» EXERCISE AIM
Please transcribe only the lines that run from the line bearing "İyilik Meleği Şehmus" to the end of the entries, keeping both end lines. Skip the pictures.

====== INFORMATION SHOWN

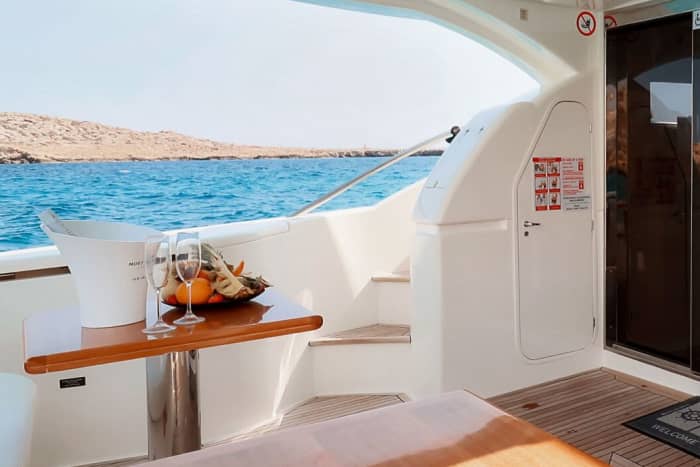 Romantische Sonnenuntergangskreuzfahrt an Bord der luxuriösen Ferretti 592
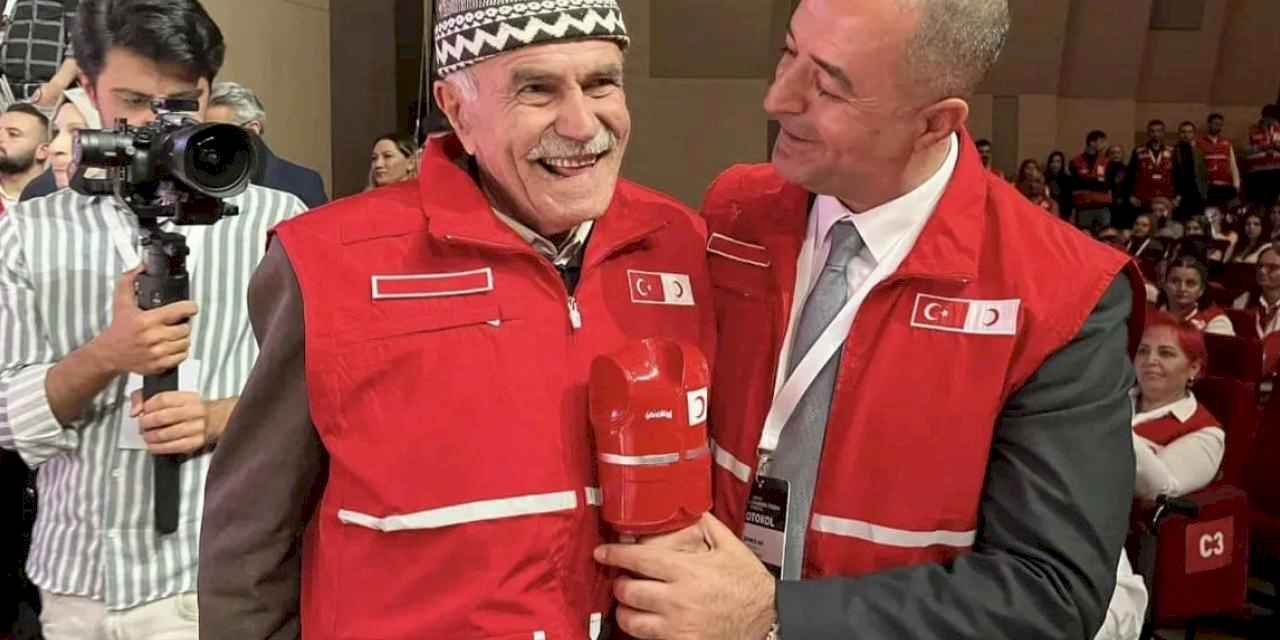 İyilik Meleği Şehmus Amca'ya Kızılay Özel Ödülü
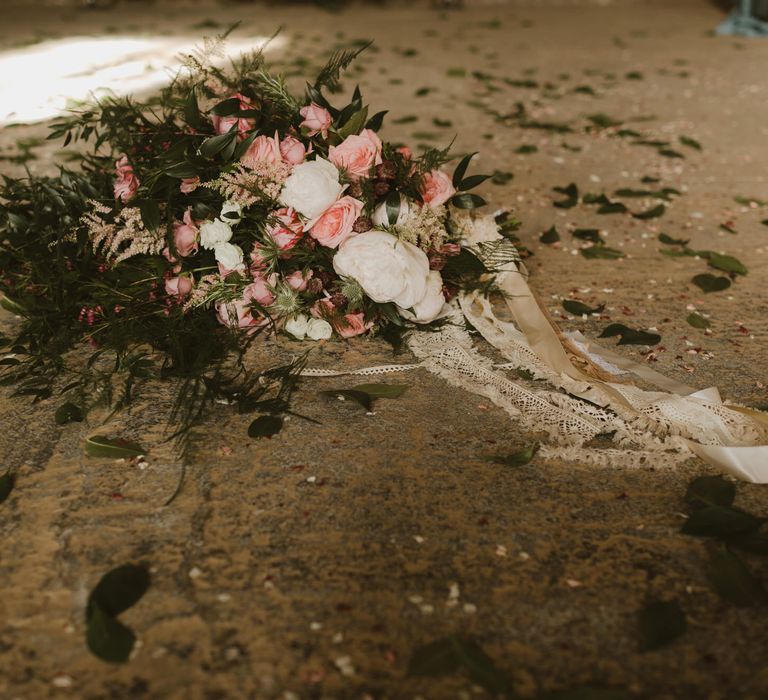 Over Sized Wedding Bouquet With Roses, Foliage &amp; Ribbon // Image By The Curries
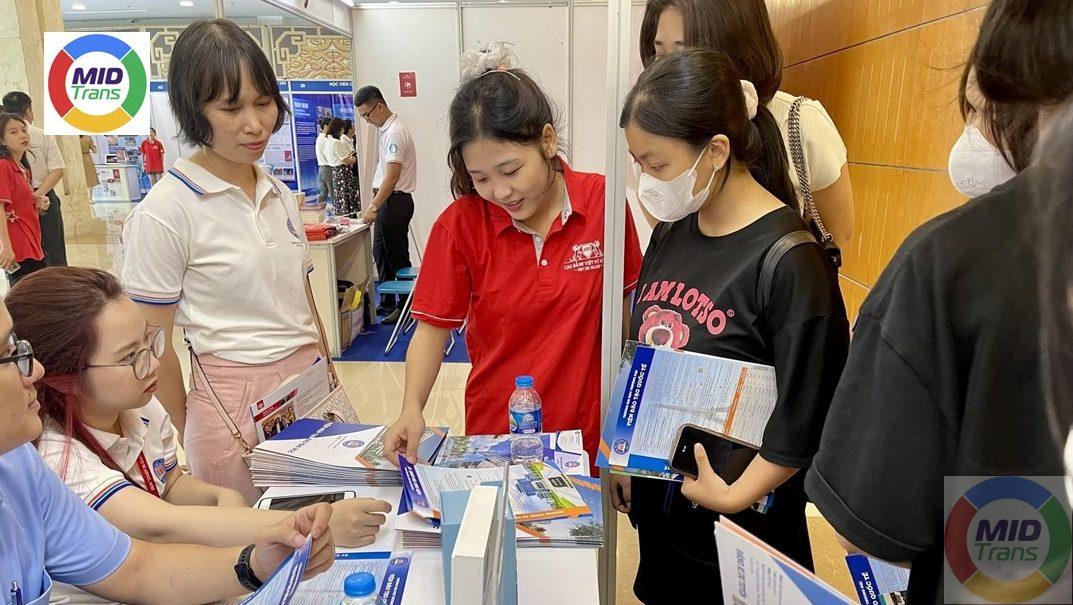 Dịch thuật tài liệu chuyên ngành Giáo dục - Đào tạo cho khách hàng tại Quận Hoàn Kiếm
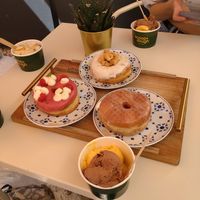  at Scoop 'n Dough in Lisbon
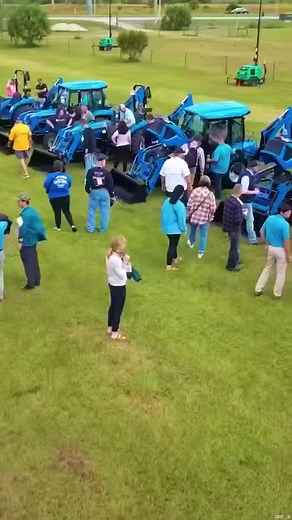 Checking Out Some of LS's Newest Tractors #tractors #LSTractor #NewTractor #lstractorusa | Hometownacres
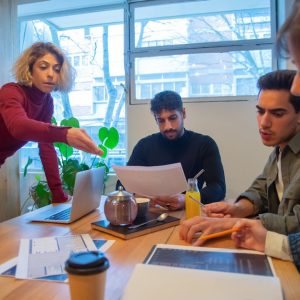 تنمية المهارات السلوكية والفنية للسكرتارية الخاصة والفنية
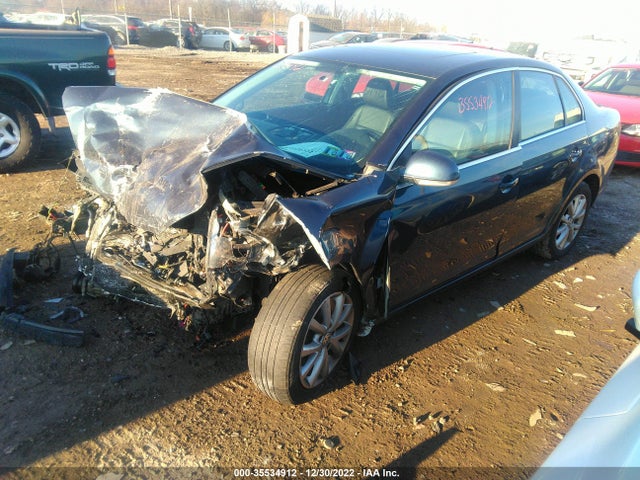 2010 VOLKSWAGEN JETTA SEDAN SE VIN: 3VWRZ7AJ5AM014713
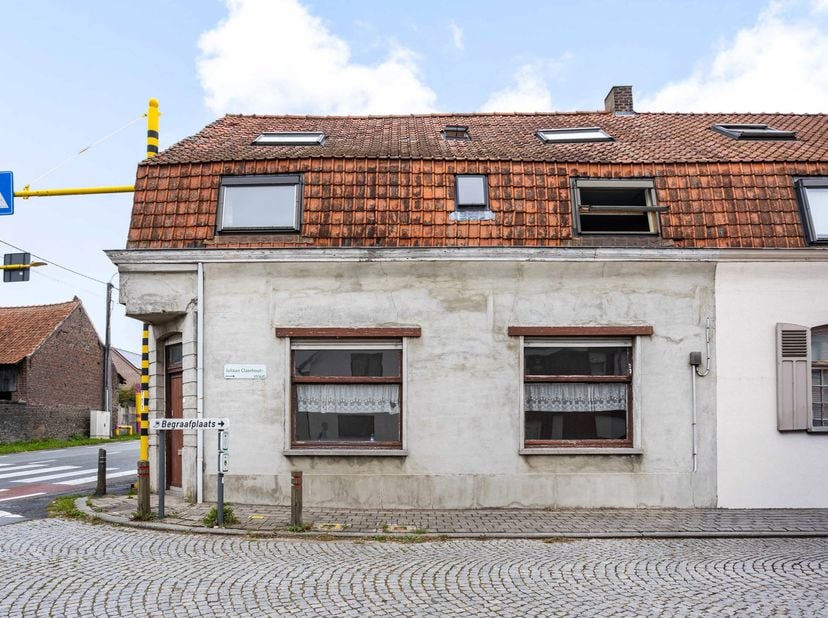Maison à vendre à Juliaan Claerhoutstraat 34,
                    8572 Kaster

============

» COMPLETED EXERCISE
 İyilik Meleği Şehmus Amca'ya Kızılay Özel Ödülü
 Over Sized Wedding Bouquet With Roses, Foliage &amp; Ribbon // Image By The Curries
 Dịch thuật tài liệu chuyên ngành Giáo dục - Đào tạo cho khách hàng tại Quận Hoàn Kiếm
  at Scoop 'n Dough in Lisbon
 Checking Out Some of LS's Newest Tractors #tractors #LSTractor #NewTractor #lstractorusa | Hometownacres
 تنمية المهارات السلوكية والفنية للسكرتارية الخاصة والفنية
 2010 VOLKSWAGEN JETTA SEDAN SE VIN: 3VWRZ7AJ5AM014713
Maison à vendre à Juliaan Claerhoutstraat 34,
                    8572 Kaster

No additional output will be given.